During the The Wall Street Journal's "D: All Things Digital" conference yesterday, Bill Gates and Steve Ballmer appeared for an onstage interview during the opening events in Carlsbad, California, where they touted the touch-screen features.
Gates first introduced the Surface computer a multi-touch table-based computer at last year's conference.
Windows 7, officials confirmed Tuesday evening, is still on schedule to ship approximately three years after the January 30, 2007 commercial roll out of Windows Vista.
At the same time, Chris Flores, a director on the Windows Client communications team, posted a link to a video of the multi-touch capabilities running on Windows 7 on the Windows Vista Team Blog.
"What becomes even more compelling is when this experience is delivered to the PC on a wide variety of Windows notebooks, in all-in-one PC's, as well as in external monitors," Flores' post said. The company is working with hardware and software makers to make the feature a compelling addition in Windows 7, he added.
Among the features highlighted during a demo of Windows 7 at the conference was one that should seem familiar. The demo featured a photo management application that enabled the user to move the pictures around with her hands.
Microsoft is not the only company experimenting with multi-touch interfaces. Apple's iPhone sports the same sort of capability. The idea is that being able to directly manipulate objects on the screen with hands or fingers is more efficient in many circumstances than using a mouse.

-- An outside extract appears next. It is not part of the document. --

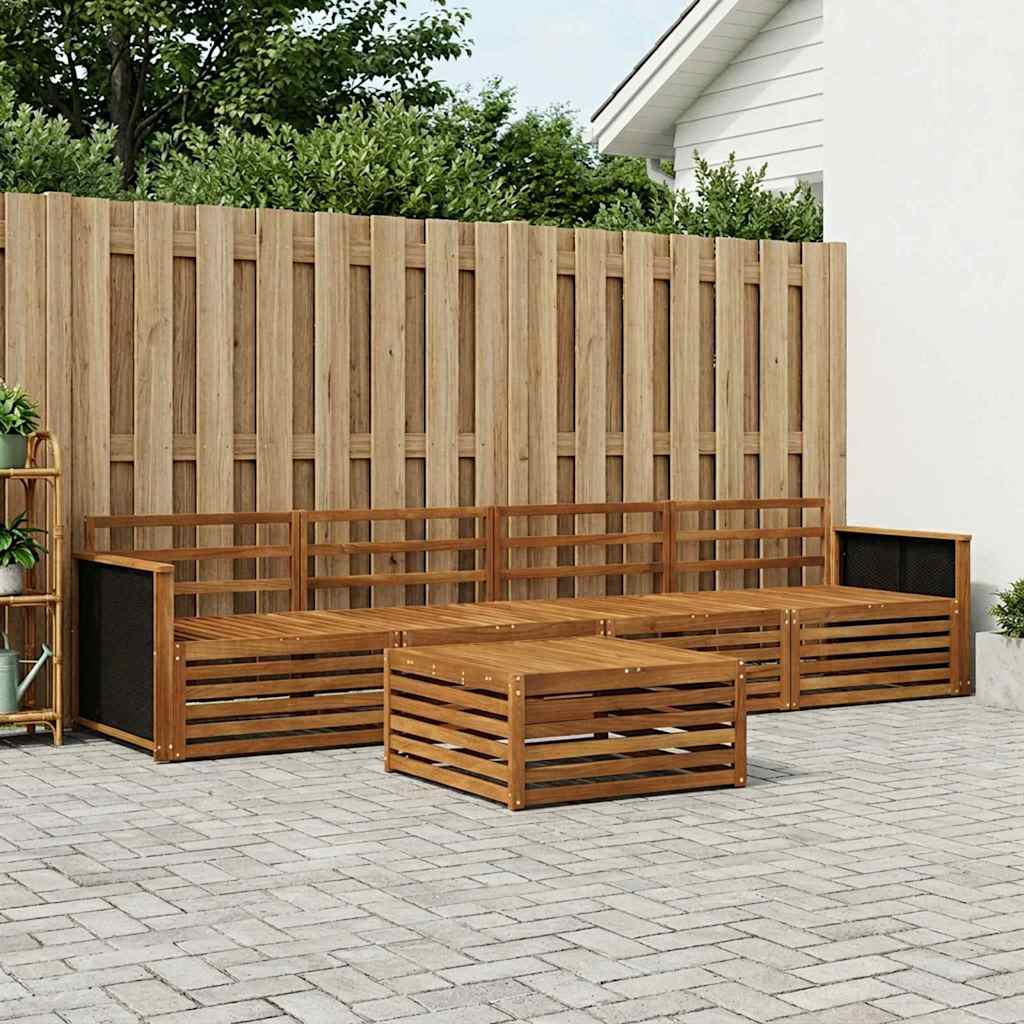 Conjunto de sofás de exterior 5 pcs Natural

Announced with much fanfare last year, the first Surface computers were supposed to be in use by the end of 2007. As it turned out, AT&T began using the devices as a sales tool in some of its phone stores last month.
Earlier this month, Gates demonstrated a whiteboard-sized multi-touch display during his keynote speech at Microsoft's annual CEO Summit.
"All the surfaces [on walls and desks] will eventually have a low-cost screen display capability in both the office and the home," Gates said at the time.